ECLI:NL:RBZWB:2019:4782

Rechtbank Zeeland-West-Brabant

Datum uitspraak
1 november 2019
Publicatiedatum
1 november 2019
Zaaknummer
02/820294-17
Instantie
Rechtbank Zeeland-West-Brabant
Type
Uitspraak
Rechtsgebied
Strafrecht
Procedures
  • Op tegenspraak
Rechters
  • M. van Kralingen
  • A. van der Linden
  • J. Hoekstra
Vindplaatsen
  • Rechtspraak.nl
AI samenvatting door LexboostAutomatisch gegenereerd

Veroordeling voor dealen van harddrugs en bezit van soft- en harddrugs

Op 1 november 2019 heeft de Rechtbank Zeeland-West-Brabant uitspraak gedaan in een strafzaak tegen een verdachte die gedurende een periode van vijf maanden harddrugs heeft gedeald en samen met zijn echtgenote soft- en harddrugs in hun woning voorhanden had. De verdachte is veroordeeld tot een gevangenisstraf van twee jaar. De zaak werd inhoudelijk behandeld op 18 oktober 2019, waarbij de officier van justitie, mr. Rammeloo, en de verdediging hun standpunten kenbaar maakten. De tenlastelegging omvatte verschillende soorten verdovende middelen, waaronder cocaïne, amfetamine, heroïne, GHB, MDMA, LSD, hasjiesj en hennep, die in aanzienlijke hoeveelheden zijn aangetroffen in de woning van de verdachte.

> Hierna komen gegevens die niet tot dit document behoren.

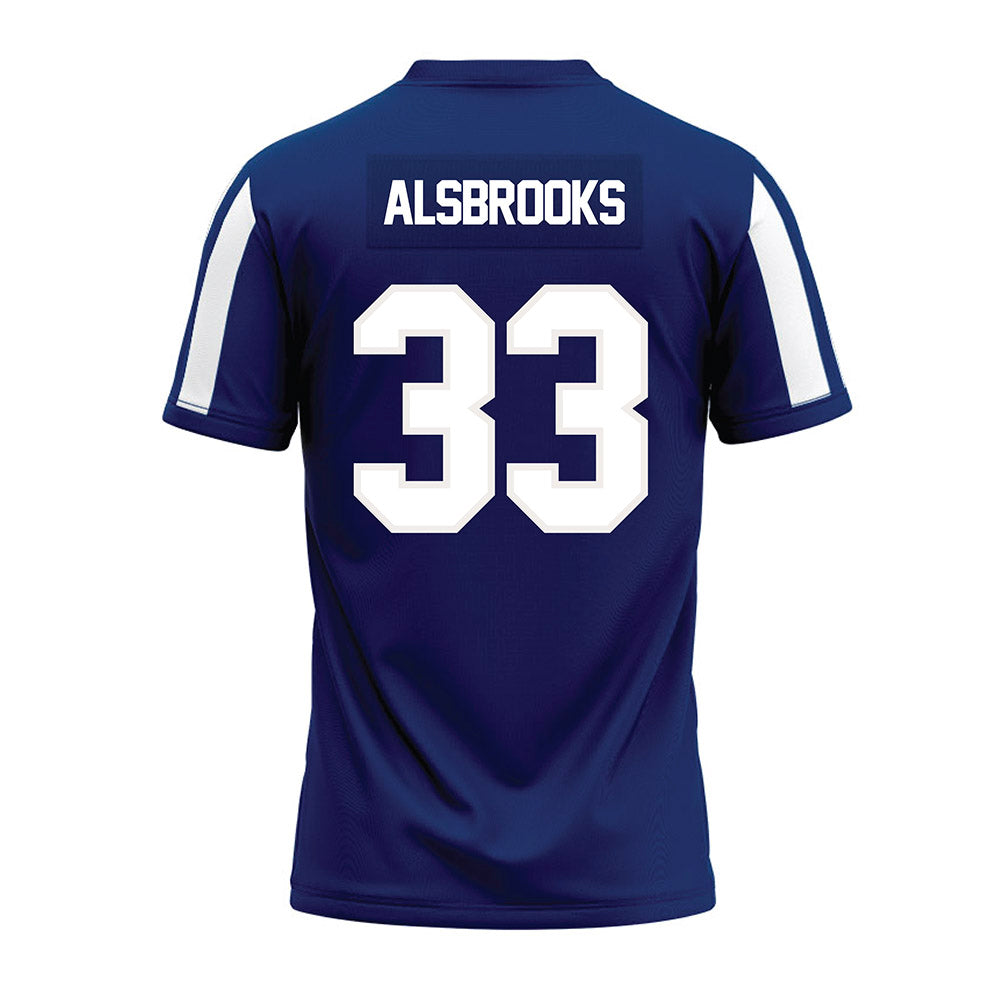 BU - NCAA Football : Trey Alsbrooks - Premium Football Jersey-1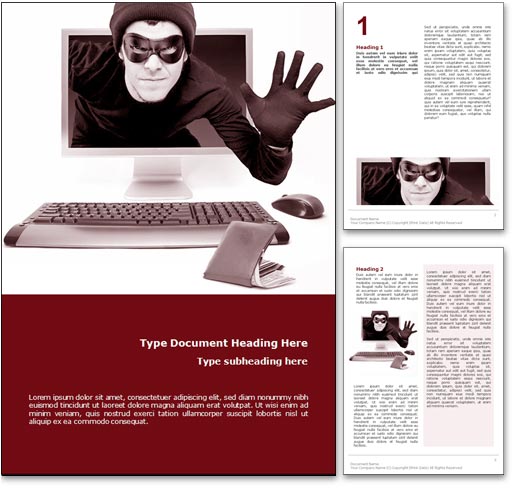 Cyber Crime word template document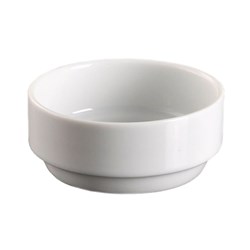 Basics Large Stackable Dish White 70mm Essentials Collection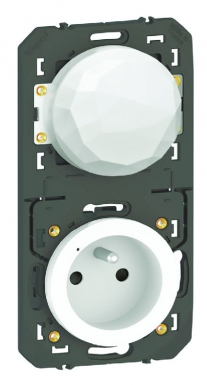 Prise de courant connectée céliane with netatmo 16a 3680w avec mesure et suivi consommation - blanc sans plaque. disponible abidjan cote d'ivoire.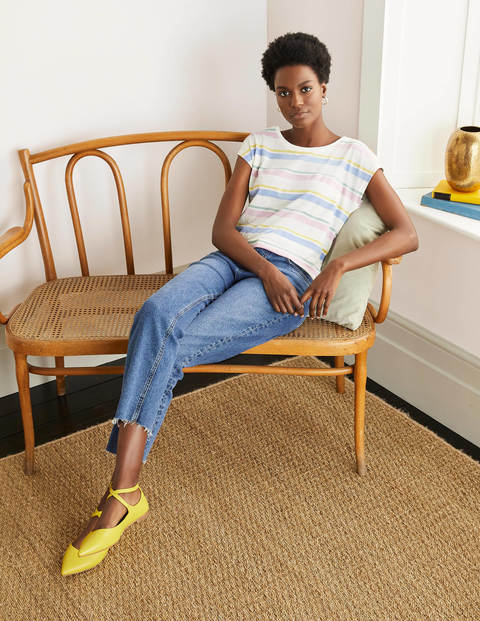 Robyn Jersey Tee - Pastel Multistripe Robyn Jersey Tee - Pastel Multistripe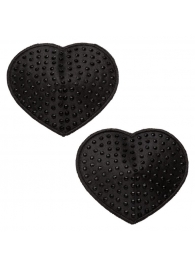 Черные пэстисы в форме сердечек Heart Pasties - California Exotic Novelties - купить с доставкой в Первоуральске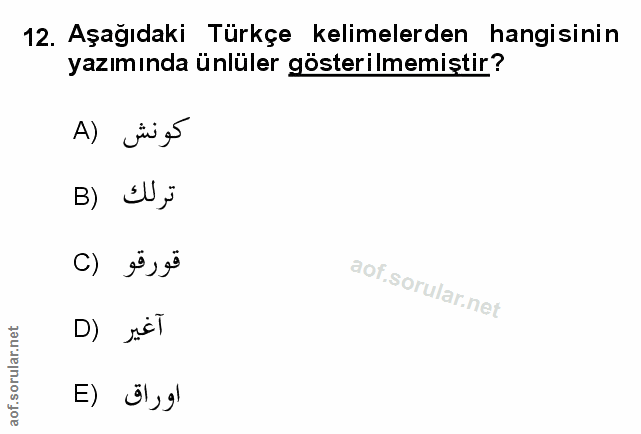 Soru 12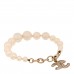 Graduated Pearl Crystal CC Bracelet Gold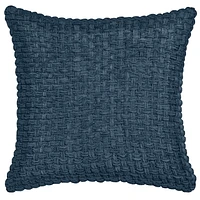 Fabstyles Chenille Basket Weave Polyester Coussin avec Poly-Insert Coussin Décoratif pour Canapé Canapé Chambre Salon18 X 18 avec Fermeture à Glissière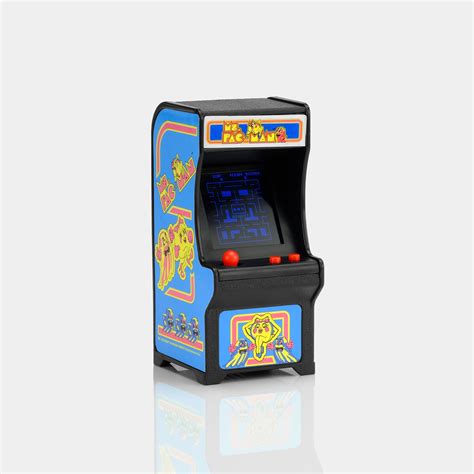 World S Smallest Tiny Arcade Ms Pac Man Game Keychain Retrospekt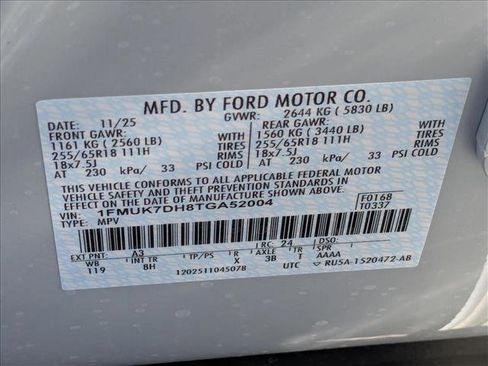 New 2026 Ford Explorer Active image 16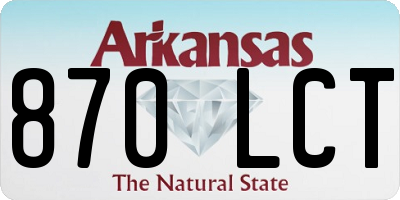 AR license plate 870LCT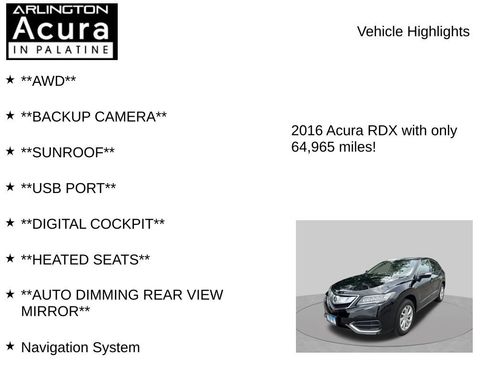 Used 2016 Acura RDX AWD w/ Technology Package image 7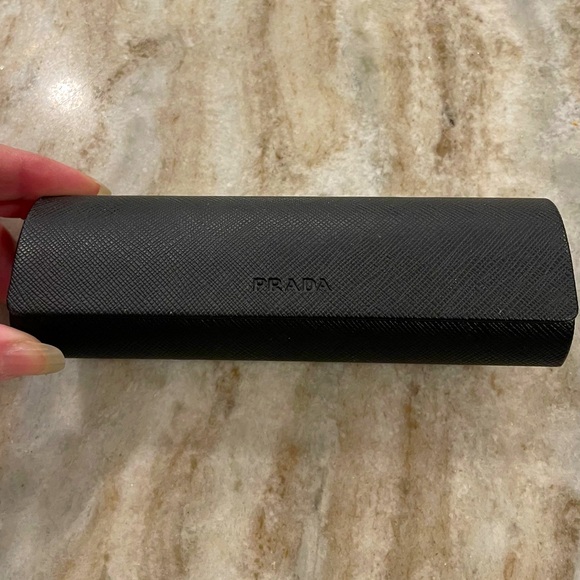 Prada glasses frame made in Italy, model VPR03W ROJ-101, with matching case - Picture 7 of 9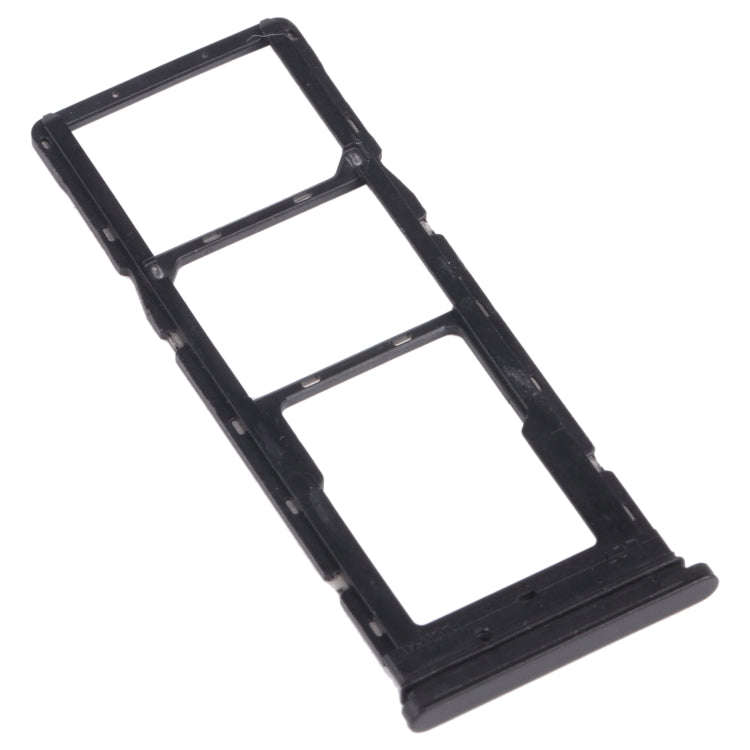 For Tecno Pouvoir 4 Pro / Pouvoir 4 LC7 SIM Card Tray + SIM Card Tray + Micro SD Card Tray (Black)
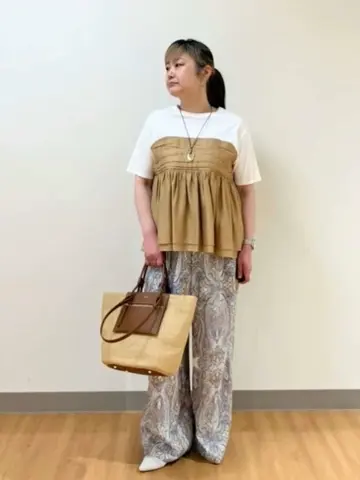 ONWARD CROSSET SELECT nori コーディネート画像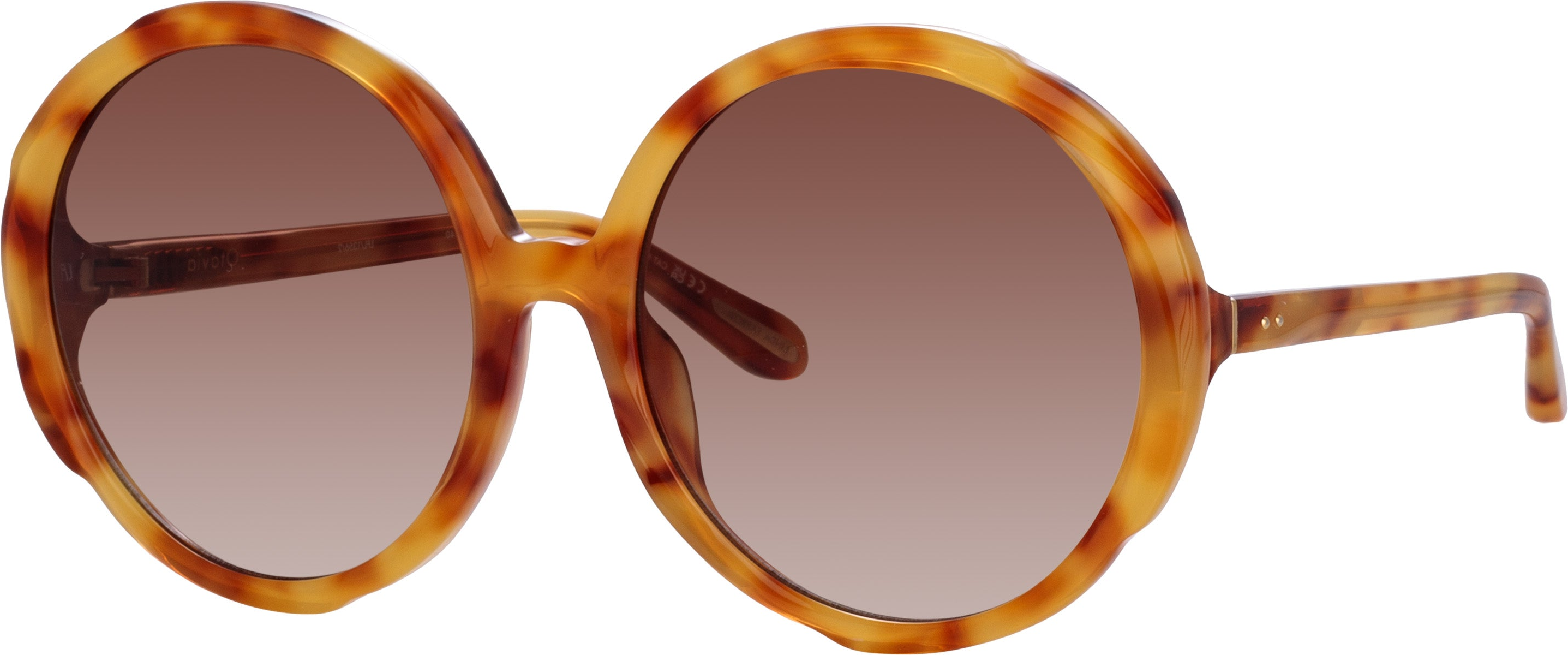 Color_LFL1356C2SUN - Otavia Oversized Sunglasses in Saffron Tortoiseshell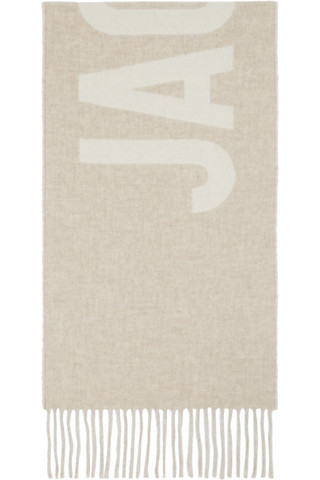 Beige Les Classiques 'L'écharpe Jacquemus' Scarf | SSENSE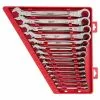 Milwaukee 48-22-9416 Durable SAE Ratcheting Combination Wrench Set - 15pc
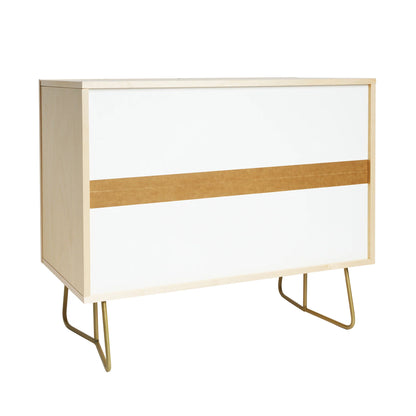 Ninola design checker navy blue cabinet credenza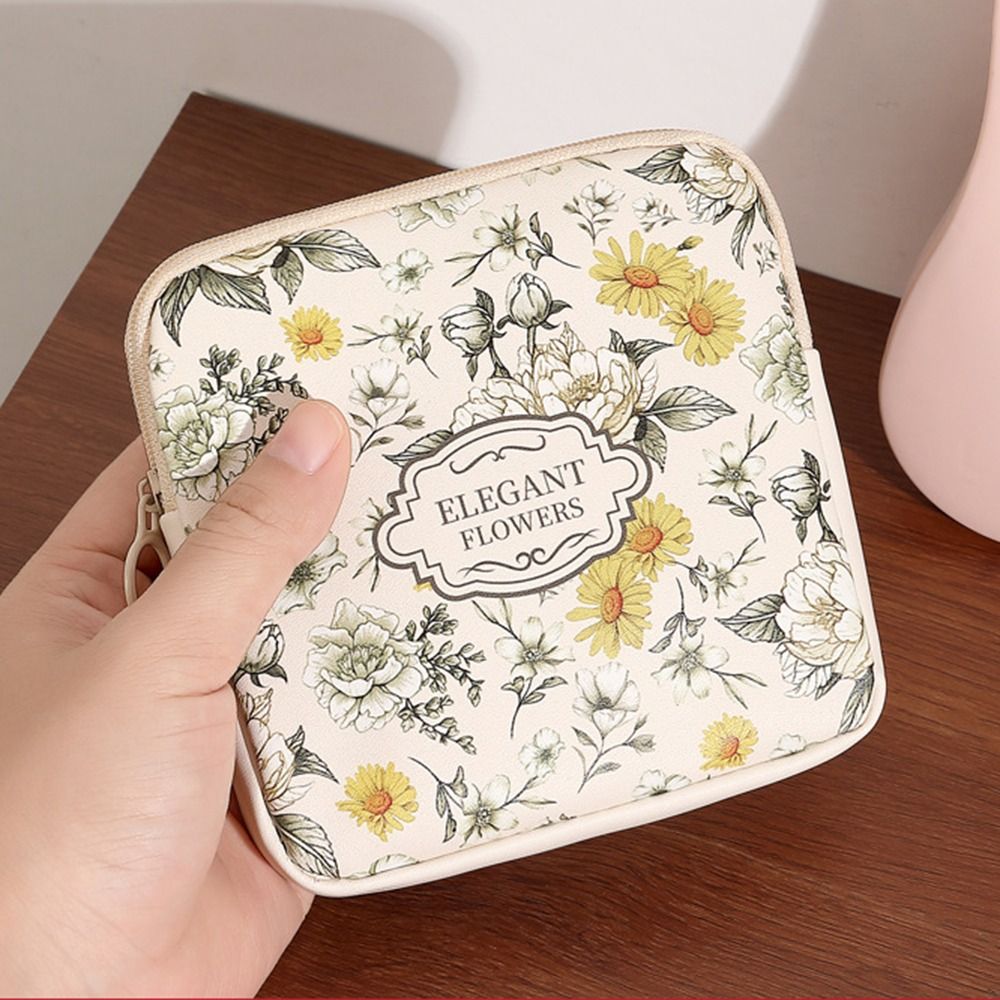 新しいPVCサニタリーパッドバッグ 大容量 多目的コスメティ - Cable Organizer のレビューと価格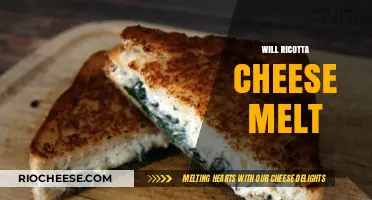 Will Ricotta Cheese Melt? A Comprehensive Guide to Melting Cheese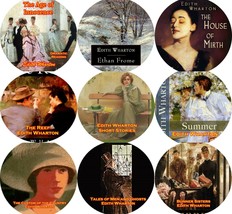 Edith Wharton LOT of 9 / Mp3 (READ) CD Audiobooks / Age of Innocence Ethan Frome - £15.59 GBP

De rechtbank oordeelde dat de verdachte wettig en overtuigend schuldig was aan het dealen van harddrugs en het voorhanden hebben van soft- en harddrugs. De rechtbank baseerde haar oordeel op de bekennende verklaring van de verdachte, de bevindingen van verbalisanten en rapporten van het Nederlands Forensisch Instituut. De verdediging had zich gerefereerd aan het oordeel van de rechtbank, met uitzondering van het dealen in heroïne en LSD, wat door de verdachte werd ontkend. De rechtbank oordeelde dat er onvoldoende bewijs was voor het dealen van deze stoffen, maar dat het bezit van de andere drugs wel bewezen kon worden.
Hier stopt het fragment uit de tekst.